Dietary fiber, and in particular slowly fermentable fibers such as cellulose and peanut hulls, have been shown to be an effective means of increasing dietary bulk in the gastrointestinal tract without supplying additional calories.
Recent reviews suggest that the effect of fiber in cats with diabetes mellitus is unknown but that low-carbohydrate, low-fiber diets may be indicated.
Recommendations for nutritional therapy of constipation vary widely; some authors suggest highly digestible, low-fiber diets while others prefer high-fiber diets or fiber supplementation.
IntroductionNutritionists and veterinarians have been interested in dietary fiber as a component of pet foods or as a supplement for many years. Fiber has traditionally been used to modify stool quality and as an aid in weight management, but more recently fiber has been shown to have effects on the gastrointestinal microbiome and may play a role in the management of various disorders. This article offers a brief overview of dietary fiber and a discussion of the potential benefits for several common feline medical conditions.
Dietary fiber is often classified by its properties, such as solubility in water, viscosity, and fermentability in the gastrointestinal tract. Table 1 summarizes the characteristics of common fiber sources used in pet food. It can be difficult to predict the health effects of any one fiber source, and many commercial cat foods include two or more fiber-containing ingredients. For example, fermentable fibers can act as energy substrates for bacteria in the lower intestinal tract which results in the production of short-chain fatty acids 3. These in turn are absorbed and can modify the structure and function of intestinal cells. Nonfermentable fibers tend to increase fecal weight and volume and may decrease intestinal transit time 3. Fiber sources with high viscosity often have an increased water-binding capacity that can result in softer, moister feces. It is likely that varying the amounts and types of fiber will affect a cat’s gastrointestinal microbial population, although research into the microbiome is in its early stages 4. Figure 1 illustrates the solubility and viscosity of different fiber sources.

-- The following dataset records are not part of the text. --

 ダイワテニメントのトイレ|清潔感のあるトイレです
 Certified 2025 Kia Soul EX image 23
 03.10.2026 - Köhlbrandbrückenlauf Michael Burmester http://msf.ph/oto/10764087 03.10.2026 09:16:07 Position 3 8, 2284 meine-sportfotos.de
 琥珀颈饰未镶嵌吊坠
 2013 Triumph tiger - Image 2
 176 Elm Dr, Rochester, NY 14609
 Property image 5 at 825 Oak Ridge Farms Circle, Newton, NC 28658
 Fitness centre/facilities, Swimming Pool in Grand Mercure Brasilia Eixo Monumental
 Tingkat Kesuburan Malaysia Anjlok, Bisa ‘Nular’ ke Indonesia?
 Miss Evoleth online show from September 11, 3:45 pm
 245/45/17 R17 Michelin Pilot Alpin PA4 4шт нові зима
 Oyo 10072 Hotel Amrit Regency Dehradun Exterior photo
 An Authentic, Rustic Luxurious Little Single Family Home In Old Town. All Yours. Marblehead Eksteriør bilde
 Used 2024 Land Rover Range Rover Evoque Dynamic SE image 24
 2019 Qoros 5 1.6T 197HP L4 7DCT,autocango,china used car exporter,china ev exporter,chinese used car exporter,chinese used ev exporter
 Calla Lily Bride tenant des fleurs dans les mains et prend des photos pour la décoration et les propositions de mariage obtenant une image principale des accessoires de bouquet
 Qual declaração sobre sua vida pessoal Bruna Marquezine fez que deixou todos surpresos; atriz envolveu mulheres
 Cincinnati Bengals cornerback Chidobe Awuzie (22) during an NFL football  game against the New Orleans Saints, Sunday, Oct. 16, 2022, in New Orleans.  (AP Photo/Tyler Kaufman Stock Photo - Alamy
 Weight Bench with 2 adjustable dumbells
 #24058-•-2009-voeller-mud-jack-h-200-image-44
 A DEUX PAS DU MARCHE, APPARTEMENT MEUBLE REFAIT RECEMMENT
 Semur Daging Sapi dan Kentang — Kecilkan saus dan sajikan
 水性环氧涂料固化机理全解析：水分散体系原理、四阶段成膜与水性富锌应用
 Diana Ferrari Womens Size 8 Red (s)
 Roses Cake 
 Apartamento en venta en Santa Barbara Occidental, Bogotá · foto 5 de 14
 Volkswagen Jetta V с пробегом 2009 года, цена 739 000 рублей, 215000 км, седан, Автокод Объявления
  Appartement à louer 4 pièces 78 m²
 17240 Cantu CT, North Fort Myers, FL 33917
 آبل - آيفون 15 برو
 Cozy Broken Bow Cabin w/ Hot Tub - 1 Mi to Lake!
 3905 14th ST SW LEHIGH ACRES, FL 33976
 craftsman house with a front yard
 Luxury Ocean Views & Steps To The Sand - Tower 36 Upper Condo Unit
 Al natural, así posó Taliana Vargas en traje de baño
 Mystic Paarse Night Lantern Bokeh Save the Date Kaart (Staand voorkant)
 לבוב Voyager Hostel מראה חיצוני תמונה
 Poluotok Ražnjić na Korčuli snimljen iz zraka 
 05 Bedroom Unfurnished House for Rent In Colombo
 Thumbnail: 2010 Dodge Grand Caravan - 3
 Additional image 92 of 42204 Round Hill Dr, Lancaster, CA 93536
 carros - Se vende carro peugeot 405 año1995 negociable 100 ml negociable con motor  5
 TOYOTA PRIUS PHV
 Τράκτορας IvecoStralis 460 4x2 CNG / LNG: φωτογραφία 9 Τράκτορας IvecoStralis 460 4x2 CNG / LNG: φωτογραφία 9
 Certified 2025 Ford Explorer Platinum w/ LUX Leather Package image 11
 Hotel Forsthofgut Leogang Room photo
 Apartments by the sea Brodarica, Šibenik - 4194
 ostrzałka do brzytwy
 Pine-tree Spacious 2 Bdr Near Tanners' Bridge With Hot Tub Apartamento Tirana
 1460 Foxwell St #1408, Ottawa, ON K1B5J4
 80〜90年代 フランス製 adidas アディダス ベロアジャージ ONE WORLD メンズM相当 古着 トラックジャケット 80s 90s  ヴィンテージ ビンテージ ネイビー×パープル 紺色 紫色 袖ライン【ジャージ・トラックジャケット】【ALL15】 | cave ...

Fiber and its role in disease
In North America, obesity is the most common form of malnutrition in veterinary patients; it is estimated that 35.1% of adult cats are either overweight or obese 5 (Figure 2). Obesity predisposes cats to a variety of diseases such as diabetes mellitus, hepatic lipidosis, urinary tract disease, orthopedic disease, and dermopathies.
Dietary fiber has been used to help manage obesity in both dogs and cats. In particular, slowly fermentable fibers such as cellulose and peanut hulls have been shown to be an effective means of increasing dietary bulk in the gastrointestinal (GI) tract without supplying additional calories. Sources of dietary fiber in commercial pet foods can thus be beneficial, as they are likely to result in the consumption of less food energy. Mixed dietary fibers are also thought to promote the attenuation of glucose absorption from the GI tract, induce gastric distention which stimulates the cholecystokinin-satiation signaling pathway, delay gastric emptying, and stimulate longer ileal transit time 6. While the effects of fiber on food consumption in cats are not well described in the literature, there is speculation that fiber-enhanced diets might reduce overeating and thus play a protective role against the development of feline obesity 7.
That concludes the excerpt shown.